=== Section Start ===

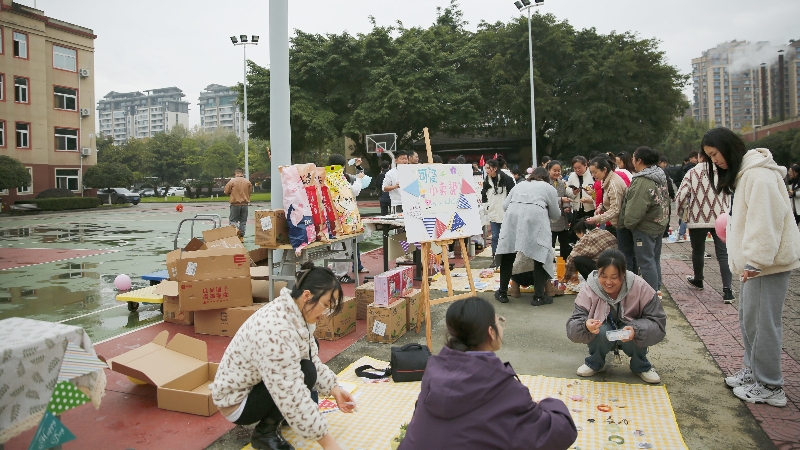 文化周|共享闲置，“集市”行乐，乐鱼体育-乐鱼体育官方网站-LEYU SPORTS
开展爱心集市公益活动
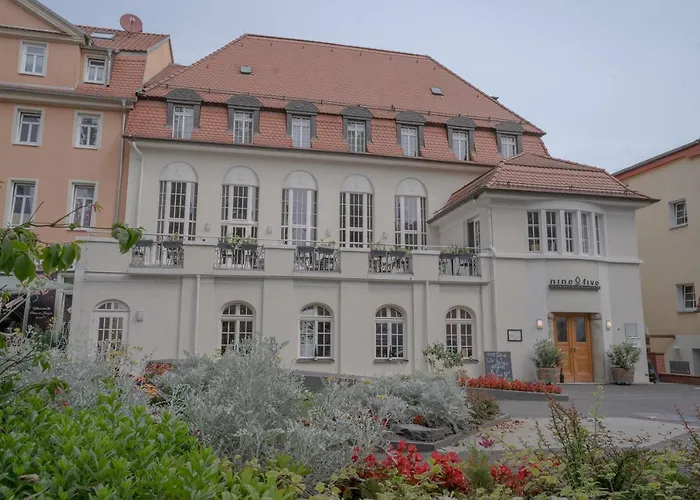 Nineofive Hotel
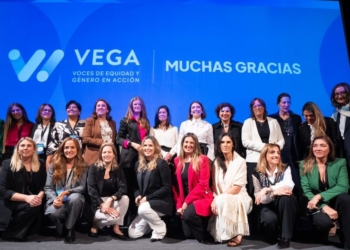 Más de 30 líderes mujeres lanzaron la red VEGA para impulsar la equidad de género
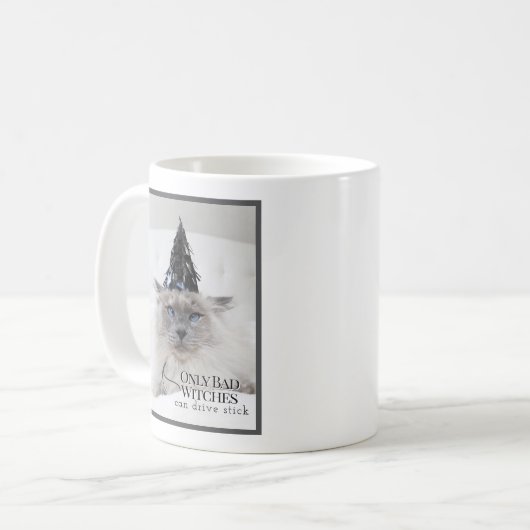 いたずらっ子のかわいい背中の魔女なら棒を動かすことができる コーヒーマグカップ (正面左)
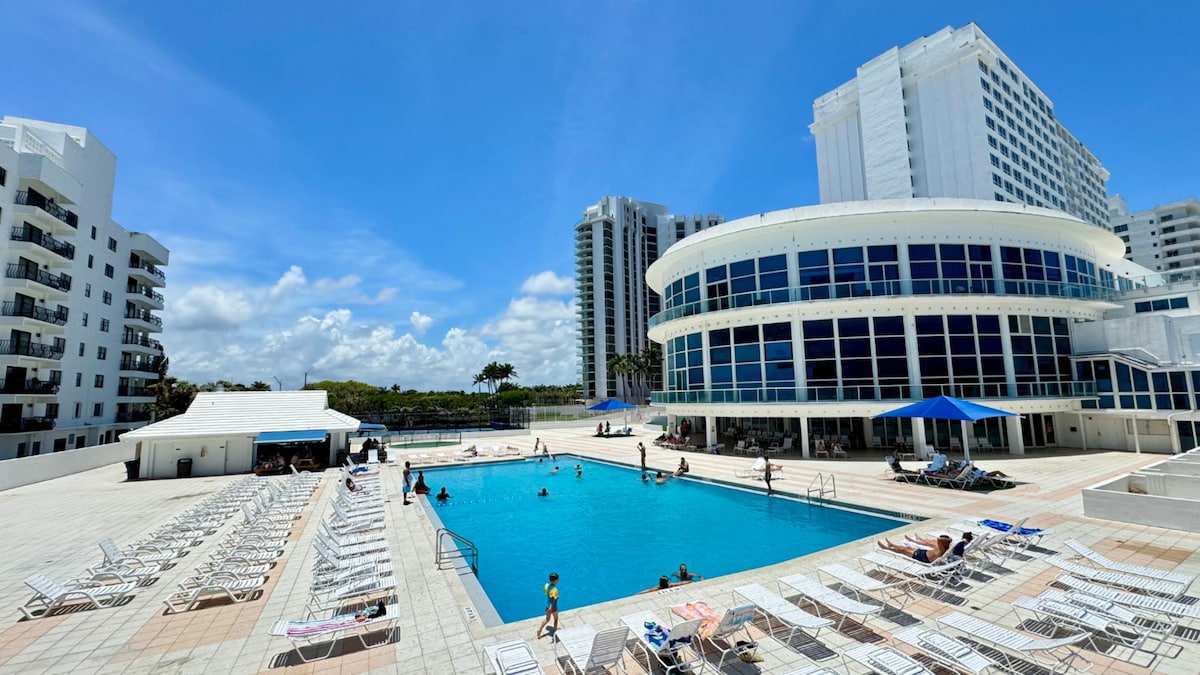 XL Studio w KingBed, Miami-Beach, FreeValetParking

=== Section End ===

→ **REQUIRED WORK**
Please copy the data shown above precisely, leaving the images out.

→ **EXPECTED ANSWER**
 文化周|共享闲置，“集市”行乐，乐鱼体育-乐鱼体育官方网站-LEYU SPORTS
开展爱心集市公益活动
 Nineofive Hotel
 Más de 30 líderes mujeres lanzaron la red VEGA para impulsar la equidad de género
 いたずらっ子のかわいい背中の魔女なら棒を動かすことができる コーヒーマグカップ (正面左)
 XL Studio w KingBed, Miami-Beach, FreeValetParking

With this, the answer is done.